Lee Doh Young, Song Seulki, Yang Seung Koo, Lee Min Hyung, Kim Ji Eun, Jung Young Ho, Kwon Tack-Kyun

机构信息

Department of Otorhinolaryngology-Head and Neck Surgery, Seoul National University Boramae Medical Center, Dongjak-gu, South Korea.

Department of Pathology, Seoul National University Boramae Medical Center, Dongjak-gu, South Korea.

出版信息

Ear Nose Throat J. 2021 Dec;100(10):NP432-NP437. doi: 10.1177/0145561320927912. Epub 2020 May 26.

DOI:10.1177/0145561320927912
PMID:32453644
Abstract

OBJECTIVES

The aim of this study was to analyze the risk of malignancy in salivary gland tumors on the basis of the Milan System for Reporting Salivary Gland Cytopathology.

METHODS

A retrospective review was performed of the charts of patients with salivary gland tumors in whom the final diagnosis was confirmed by surgical excision.
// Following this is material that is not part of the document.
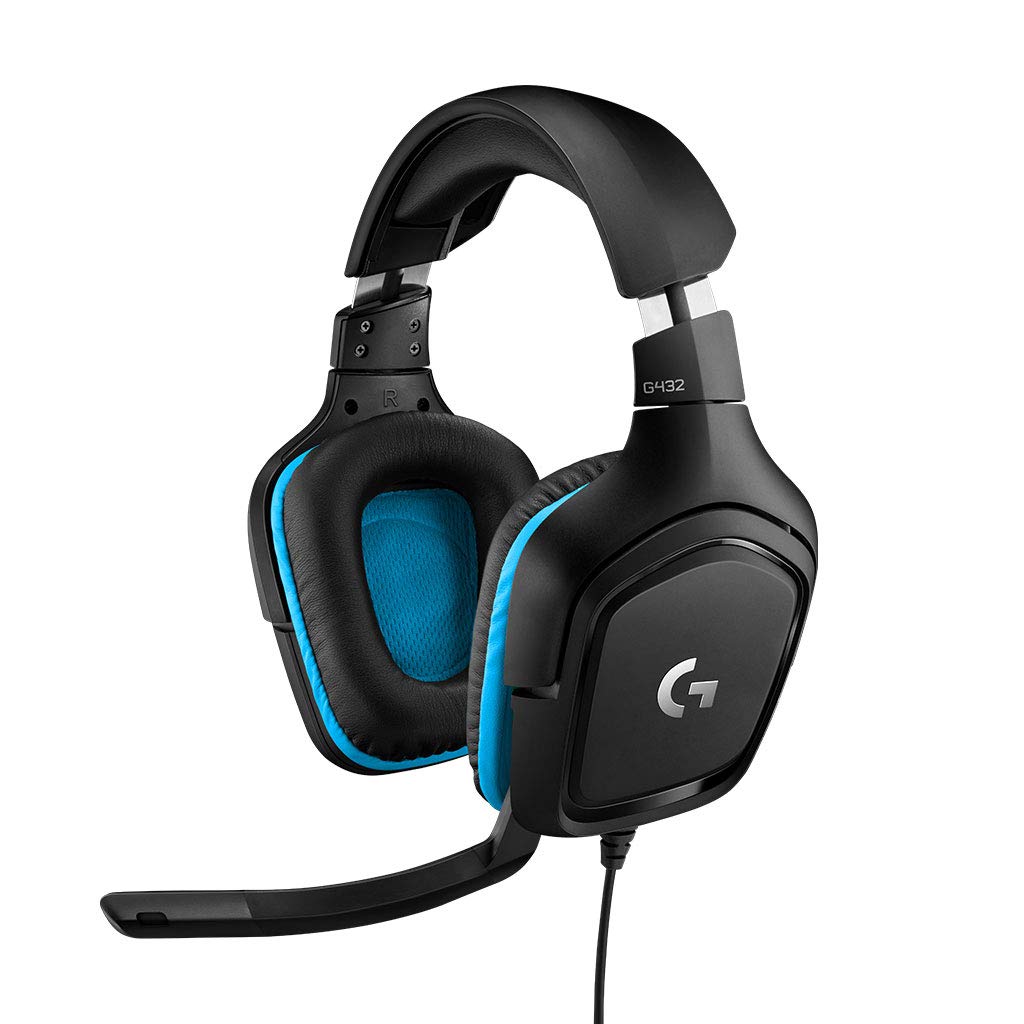 Logitech G432 Wired Gaming Headset, 7.1 Surround Sound, DTS Headphone:X 2.0, Flip-to-Mute Mic, PC (Leatherette) Black/Blue, 7.2 x 3.2 x 6.8 inches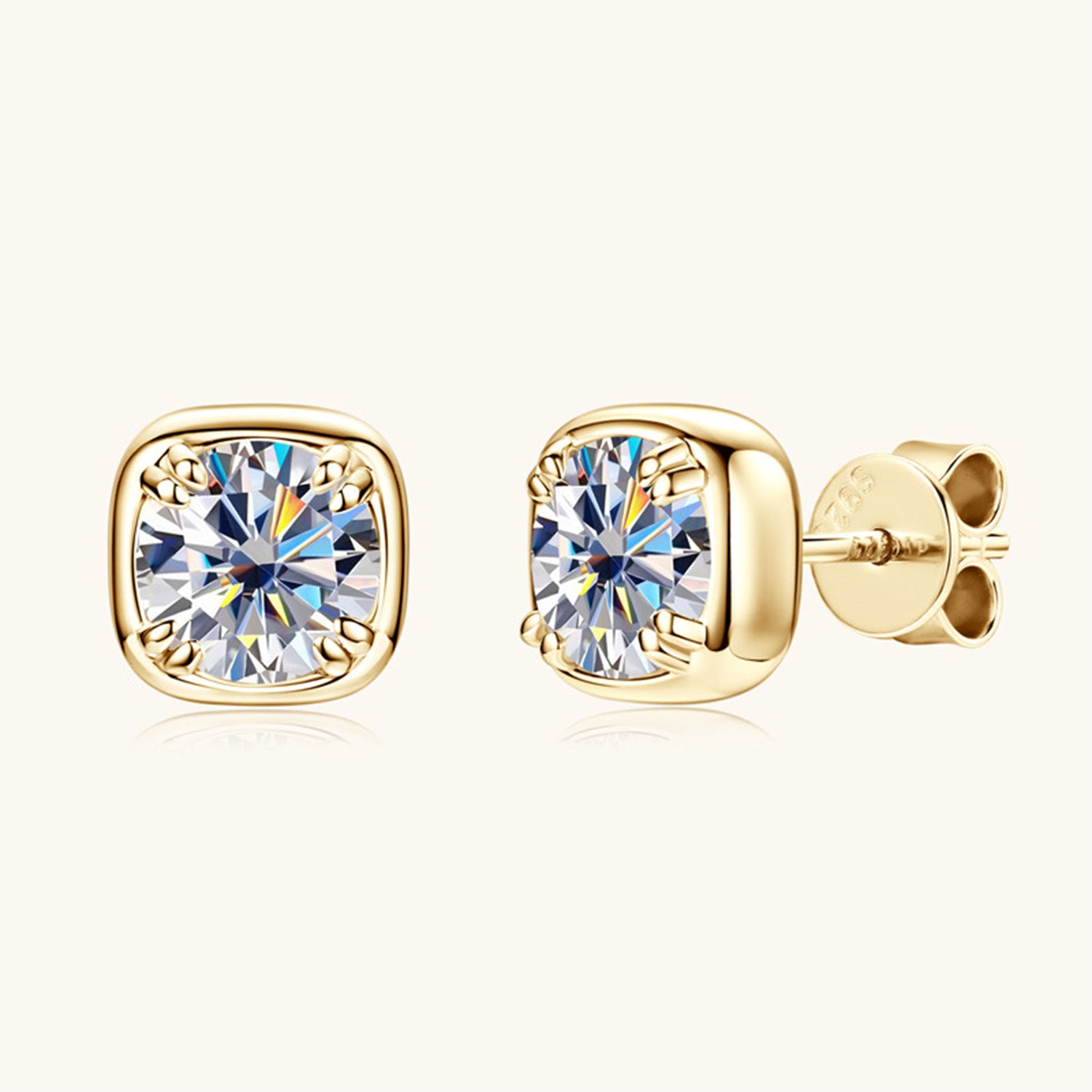 Cushion Moissanite Stud Earrings - Gold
Preoperative fine needle aspiration results were categorized according to the Milan System for Reporting Salivary Gland Cytopathology: non-diagnostic (category I), nonneoplastic (category II), atypia of undetermined significance (category III), neoplasm (category IV), suspicious for malignancy (category V), and malignant (category VI). Fine needle aspiration and final diagnosis were compared, and the risk of malignancy and operative/oncological outcomes were analyzed.

RESULTS

A total of 288 patients were enrolled in this study. Postoperative histopathologic salivary gland malignancies were found in 30 (10.4%) patients. Risk of malignancy was 7.1%, 0%, 48.0%, 4.8%, 88.7%, and 100% in categories I, II, III, IV, V, and VI, respectively. The most common malignant tumor in category III was salivary duct carcinoma (37.5%), followed by acinic cell carcinoma (25.0%), mucoepidermoid carcinoma (25.0%), and squamous cell carcinoma (12.5%). The 5-year survival rate of patients with malignant tumors showed no statistical difference between category III and category V/VI ( = .140). Risk of malignancy was 88.9% and 100% in category V and VI, respectively.

CONCLUSIONS

A half of atypia of undetermined significance (category III) cases were malignant. Once diagnosed, the prognosis of malignant tumor in category III was similar with that in category V/VI.